Friday, July 23, 2010

The Tuesday Child Problem, Solved

At long last, the solution.

As in the case with flipping two coins, the problem revolves around figuring out what options have been eliminated by the statement of the problem. To review, the statement is that I have two children, one of whom is a born born on a Tuesday. The question is what is the probability that my other child is a boy?

First, I'll do this formally, to show that formal mathematics works just fine to solve problems like this. That is, you don't have to stoop to writing out the various possibilities and then tabulating them, as we did in the coin problem.

There is a formula in probability theory that comes in handy here:

(1) P(X|Y) = P(X and Y) / P(Y)

(The notation P(X|Y) means: the probability that X occurs given that Y has occurred, or in short-hand: the probability of X given Y.)

From (1), by the way, you can get another useful formula:

(2) P(X and Y) = P(Y) P(X|Y)

And since P(X|Y) = P(X) if X and Y are independent, that last formula can be written P(X and Y) = P(X) P(Y) in the case of independence.

Finally, since the "and" operation is commutative (i.e., the order of its operands is irrelevant), we have:

(3) P(Y and X) = P(X) P(Y|X) = P(Y) P(X|Y)

In this case, we want to determine:

P(both my children are boys | one child is a boy born on a Tuesday)

By (1), that's equal to P(both my children are boys and one child is a boy born on a Tuesday) / P(one of my children is a boy born on a Tuesday).

The first probability is clearly equivalent to P(both my children are boys and one of them was born on Tuesday), which by (2) is P(both my children are boys) P(one of my children was born on Tuesday). The first of these is easy to calculate: 1/4. The second is trickier, but the easy way to see it is to imagine that neither was born on Tuesday. Since the likelihood for either not being born on Tuesday is 6/7, the chance that neither was born on Tuesday is just 6/7 squared, or 36/49. That means the chance that at least one was born on Tuesday is 1 - 36/49 = 13/49. So that first factor in our equation above is (1/4)(13/49) = 13/196.

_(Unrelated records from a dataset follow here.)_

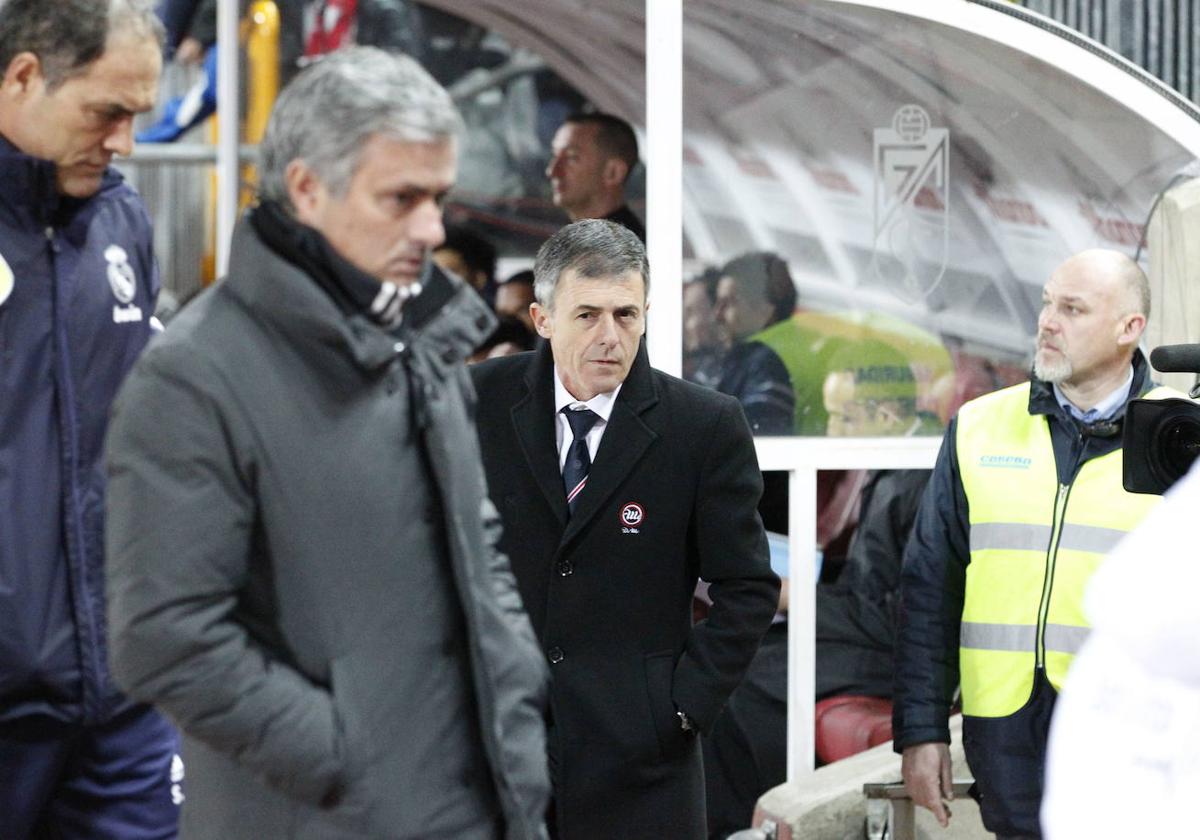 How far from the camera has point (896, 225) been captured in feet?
16.9

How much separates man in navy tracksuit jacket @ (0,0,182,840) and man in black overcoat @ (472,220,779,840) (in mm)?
943

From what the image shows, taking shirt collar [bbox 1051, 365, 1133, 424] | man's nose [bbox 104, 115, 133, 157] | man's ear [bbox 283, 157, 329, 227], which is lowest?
shirt collar [bbox 1051, 365, 1133, 424]

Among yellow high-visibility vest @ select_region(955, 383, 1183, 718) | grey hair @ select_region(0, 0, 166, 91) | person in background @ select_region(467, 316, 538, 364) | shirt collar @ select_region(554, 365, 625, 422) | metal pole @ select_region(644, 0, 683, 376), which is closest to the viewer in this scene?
grey hair @ select_region(0, 0, 166, 91)

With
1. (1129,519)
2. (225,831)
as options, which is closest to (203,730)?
(225,831)

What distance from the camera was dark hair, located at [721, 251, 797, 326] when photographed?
17.1 ft

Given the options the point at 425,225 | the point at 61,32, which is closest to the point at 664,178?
the point at 61,32

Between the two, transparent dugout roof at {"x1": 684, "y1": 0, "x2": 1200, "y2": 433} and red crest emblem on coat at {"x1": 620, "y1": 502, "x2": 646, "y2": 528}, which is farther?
transparent dugout roof at {"x1": 684, "y1": 0, "x2": 1200, "y2": 433}

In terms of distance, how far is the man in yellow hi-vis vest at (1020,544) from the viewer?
3785 mm

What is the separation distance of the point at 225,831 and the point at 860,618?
10.9 ft

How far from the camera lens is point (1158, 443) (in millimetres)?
3455

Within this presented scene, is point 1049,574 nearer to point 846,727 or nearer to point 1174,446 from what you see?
point 1174,446

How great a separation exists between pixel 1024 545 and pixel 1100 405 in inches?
14.1

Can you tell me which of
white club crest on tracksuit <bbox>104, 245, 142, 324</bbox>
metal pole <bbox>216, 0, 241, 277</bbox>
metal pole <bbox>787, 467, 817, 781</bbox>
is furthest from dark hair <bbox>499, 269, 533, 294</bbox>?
white club crest on tracksuit <bbox>104, 245, 142, 324</bbox>

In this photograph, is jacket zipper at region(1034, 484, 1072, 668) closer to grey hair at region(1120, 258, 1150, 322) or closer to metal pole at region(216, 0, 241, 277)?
grey hair at region(1120, 258, 1150, 322)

Now let's look at the second factor, P(one of my children is a born born on Tuesday). We can apply similar logic by imagining that neither is. The chance that a single child is a boy born on Tuesday is clearly 1/2 (boy) times 1/7 (born on Tuesday) = 1/14. So the chance that a single child is NOT a boy born on Tuesday is 13/14. Hence the chance that neither of two children is a boy born on Tuesday is 13/14 squared, or 169/196. The chance that at least one child is a boy born on Tuesday is then 1 - 169/196 = 27/196.

Plugging these values back into our original formula, we get the final probability as (13/196) / (27/196) = 13/27. And that is the answer.

Another way to do it (a bit less formally, but still perfectly accurate) is more like the two-coins problem. Let's write B for boy, G for girl, T for Tuesday, and !T for not-Tuesday. Then all possible outcomes for one child can be written like this:

G
BT
B!T

These are not equally likely, of course. P(G) = 1/2, P(BT) = 1/14, and P(B!T) = 3/7. But these add up to 1, and are mutually exclusive, so they must cover every possibility.

So for two children, there are nine possible outcomes:

G,G
G,BT
G,B!T
BT,G
BT,BT
BT,B!T
B!T,G
B!T,BT
B!T,B!T

Again, though, these are not equally likely. But their probabilities are easy to compute since the outcomes are independent. Furthermore, some of these outcomes are not possible since we know that one child is a boy born on Tuesday. So the only outcomes remaining are:

G,BT => (1/2)(1/14) = 1/28
BT,G => (1/14)(1/2) = 1/28
BT,BT => (1/14)(1/14) = 1/196
BT,B!T => (1/14)(3/7) = 3/98
B!T,BT => (3/7)(1/14) = 3/98

The sum of these is 1/28 + 1/28 + 3/98 + 3/98 + 1/196 = 27/196. Two boys show up with probability 3/98 + 3/98 + 1/196 = 13/196. The ratio is 13/27, as before.